We looked at one another a long time. People danced around us, but they didn’t make any difference.
He moved toward me. I didn’t move. That was my promise to myself. I watched him coming closer, his face drawn now with illness, his body not nearly as solid as it had been. He had to stop several times to dodge around people, and then, miraculously, he stood in from of me. Jack Vermont. The man I loved beyond all hope or reason.
He lifted me and kissed me and held me. He spun me slowly, and I knew, I knew, that he had lost strength. I knew everything now, every word or thought, and I clung to him, kissed him over and over again. He kissed me, and he set me down slowly, and he kept kissing me, breaking away and kissing me again, as if kissing was thought, was breath, and what was the point of talking any longer? He was dying, and he had decided not to make me the steward of his dying. I couldn’t blame him.
“I couldn’t come with you,” he said, his lips near my hair, near my ear. “I wanted to, but I couldn’t. Forgive me.”

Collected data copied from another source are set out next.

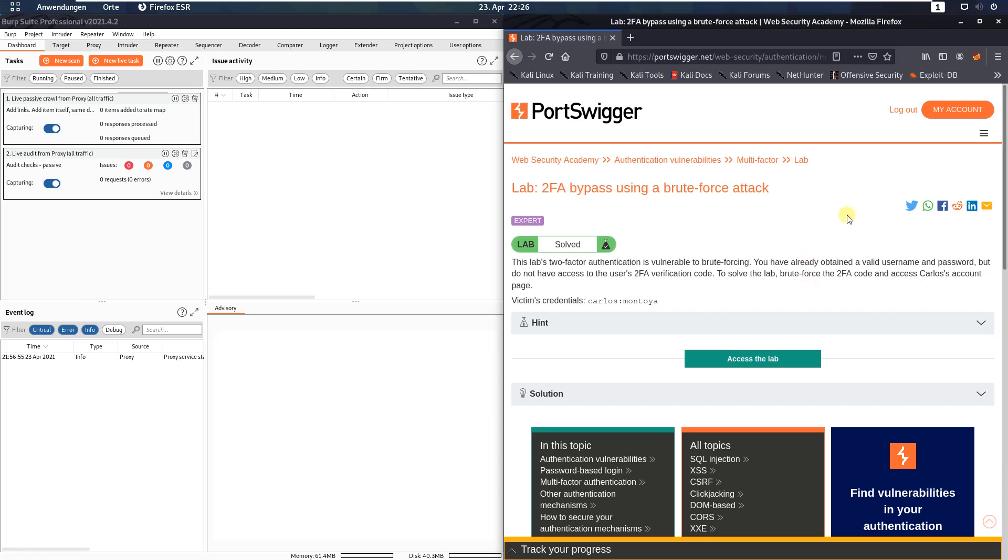Hi guys, we will solve the lab 2FA bypass using a brute force attack. The level of this lab is expert and the goal is to brute force the 2FA code and access Carlos's account.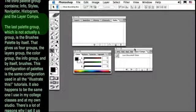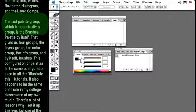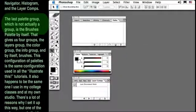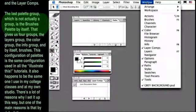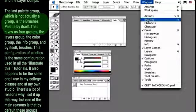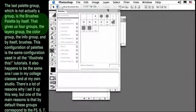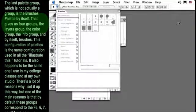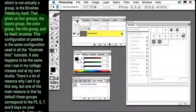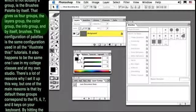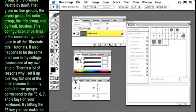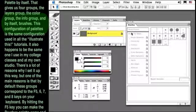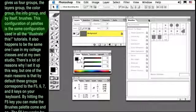The last palette group, which is not actually a group at all, is the Brushes palette by itself. That gives us four groups: the Layers group, the Colors group, the Info group, and by itself, Brushes.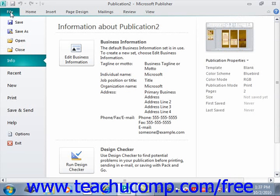Within each program, like Publisher, the File tab is shown in a different color so that you can easily locate it.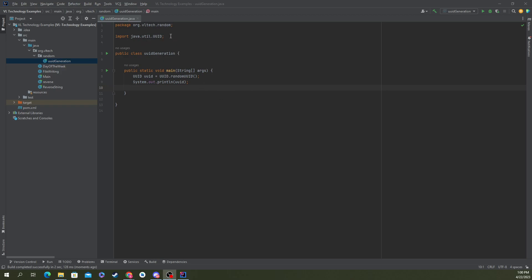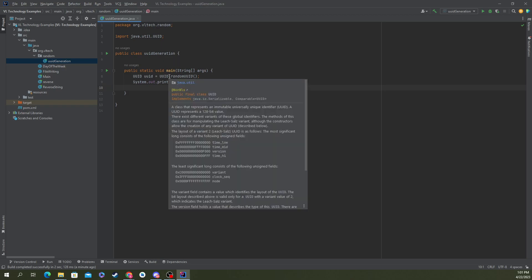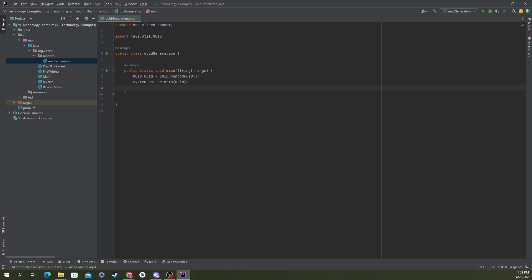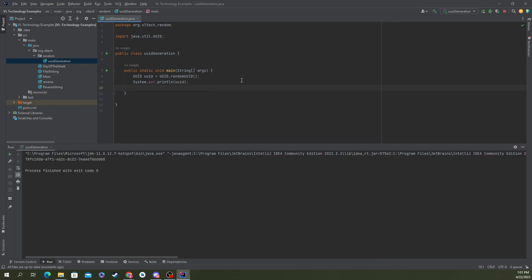So what you're going to start by doing is importing Java util UUID. And from here, all you need to do is UUID, whatever you want to name it, equals UUID.randomUUID. Now you can create a new one with some arguments, but we just use the random one for now because I think it makes it easier for the video. And then you have an ID here that is unique no matter what, and it's different every single time you run it.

I kissed him a dozen times. A thousand times. I nodded.
“I know. I know it all. I know about Tom.”
“The leukemia is back,” he said. “That’s it in a nutshell. I had tests done before I met you, and the results came back in Paris. Not good. None of it is good.”
“Who was the woman?”
He appeared puzzled for a second, then smiled.
“It was my aunt. She came to see what my grandfather had discovered in Batak. She left this morning.”
I held him. I kissed him. He was dying. His body had already lost its thickness, its strength and force. Leukemia was taking him. He put his arm around my shoulders. The festival raged at its peak. Tomorrow, I knew, it would begin to wind down. Mr. Roo would shut down some of his rooms and go back to being a humbler innkeeper. The city would sweep up, and Old Man Winter would begin his life high up in the mountains, living his one summer before he grew to maturity and turned white with frost and ice.